Saturation Coverage of Internet Politics in the Post

Our beloved Internets were all over the Post this weekend, from the political pages to Outlook to the Arts section. The fun started early on Saturday with a “Special to The Washington Post” article by Zachary A. Goldfarb about Barak Obama and social networking: at his first rally since he formed an exploratory committee, Obama spoke Friday to a group of thousands of students assembled through Facebook (via SmartMobs).
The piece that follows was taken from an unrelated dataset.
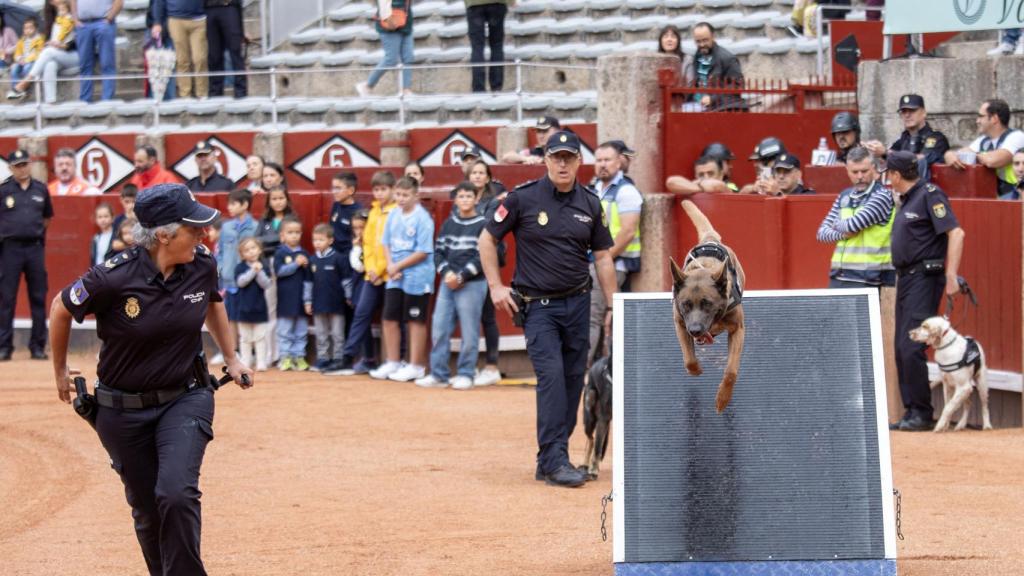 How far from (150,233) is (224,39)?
1562 cm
On Sunday the dam broke, with the ‘net figuring into at least four articles with some relationship to politics or advocacy, most obviously in Jennifer Earl’s excellent look at online organizing and activism (“Where Have All the Protests Gone? Online.”) featured on the front page of Outlook:

As some types of online activism allow people to take part quickly and easily, it opens the door for broader changes, shifting how regularly people take part in political actions. Such streamlined activism may lead to more frequent, and more committed, political engagement on the part of everyday citizens. And politicians seeking donations, votes and other kinds of support may look to tap into this new generation of self-selected, point-and-click activists. Much like the Web, these online petitions are an end in themselves as well as a gateway to new kinds of action.

The web also stars in Lyndsey Layton’s Sunday article about two freshman congressmembers’ posting of their schedules online (“Capitol’s Newcomers Try a Little Openness”) — apparently, letting your constituents know how you spend your time is a radical concept. And if you read Carol D. Leonnig’s piece on the Scooter Libby trial, you learned that pages from the web, printed and marked-up, have become disputed pieces of evidence (“Libby Prosecutors Hope to Show Marked News Articles”). Finally, Ann Hornaday takes center stage in the Arts section with her excellent “Rules for YouTube: Make Art, Not Bore.” (good advice for anyone trying to use online video as a persuasive tool).

One other recent Post piece has really stuck in my mind, though: Eugene Robinson’s discussion of the Biden “clean” comment about Obama. He focused mostly on a more subtle piece of word choice, Biden’s use of the word “articulate” — why are black speakers always “articulate” and not, say, “eloquent?” Is it a coded way of saying that they don’t sound “black?” Words always embody assumptions, and these are some that are worth dragging out into the open.

Finally, and this time I mean it, Prince’s halftime show tonight absolutely kicked ass — the first REAL concert they’ve shown during the Superbowl in years, and by a fantastic musician and true showman. That effect with his shadow being cast on the billowing sheet was AWESOME. And Billy Joel, not exactly my favorite, did a creditable job on the national anthem. Good work on the team videos at the start of the game, too, CBS. There, that’s all my niceness for the week, out of the way early.